Could you clarify these in detail, please? You probably should have made the post rather than me- your version seems a lot better.
As for myself, I want to try and get philosophical ideas together to encodify a purely selfish agenda because I'm still considering whether I want to try and push my brain (as far as it will go, anyway) towards that or a more selfless one. Trying to find a way to encode a purely selfish agenda as a coherent philosophical system is an important part of that- which requires an idea of personal identity.
To be honest, part of the reason I waited on making the post was because I was confused about it myself :P. But nevertheless. The following questions probably need to be either answered or dissolved by a complete theory of identity/consciousness; the first is somewhat optional, but refusing to answer it shunts it onto physics where it becomes much stranger. I'm sure there are others questions, too - if nobody responds to this comment I'll probably make a new post regardless.
Although Elizier has dealt with personal identity questions (in terms of ruling out the body theory), he has not actually, as far as I know, "solved" the problem of Personal Identity as it is understood in philosophy. Nor, as far as I know, has any thinker (Robin Hanson, Yvain, etc) broadly in the same school of thought.
Why do I think it worth solving? One- Lesswrong has a tradition of trying to solve all of philosophy through thinking better than philosophers do. Even when I don't agree with it, the result is often enlightening. Two- What counts as 'same person' could easily have significant implications for large numbers of ethical dilemnas, and thus for Lesswrongian ethics.

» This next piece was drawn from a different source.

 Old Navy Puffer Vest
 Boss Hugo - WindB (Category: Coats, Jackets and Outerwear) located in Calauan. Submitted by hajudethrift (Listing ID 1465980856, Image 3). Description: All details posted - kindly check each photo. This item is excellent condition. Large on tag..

Three- most importantly of all, the correct theory has practical implications for cryonics. I don't know enough to assert any theory as actually true, but if, say, Identity as Continuity of Form rather than of Matter were the true theory it would mean that preserving only the mental data would not be enough. What kind of preservation is necessary also varies somewhat- the difference in requirement based on a Continuity of Consciousness v.s a Continuity of Psyche theory, for example should be obvious.
I'm curious what people here think. What is the correct answer? No-self theory? Psyche theory? Derek Parfit's theory in some manner? Or if there is a correct way to dissolve the question, what is that correct way?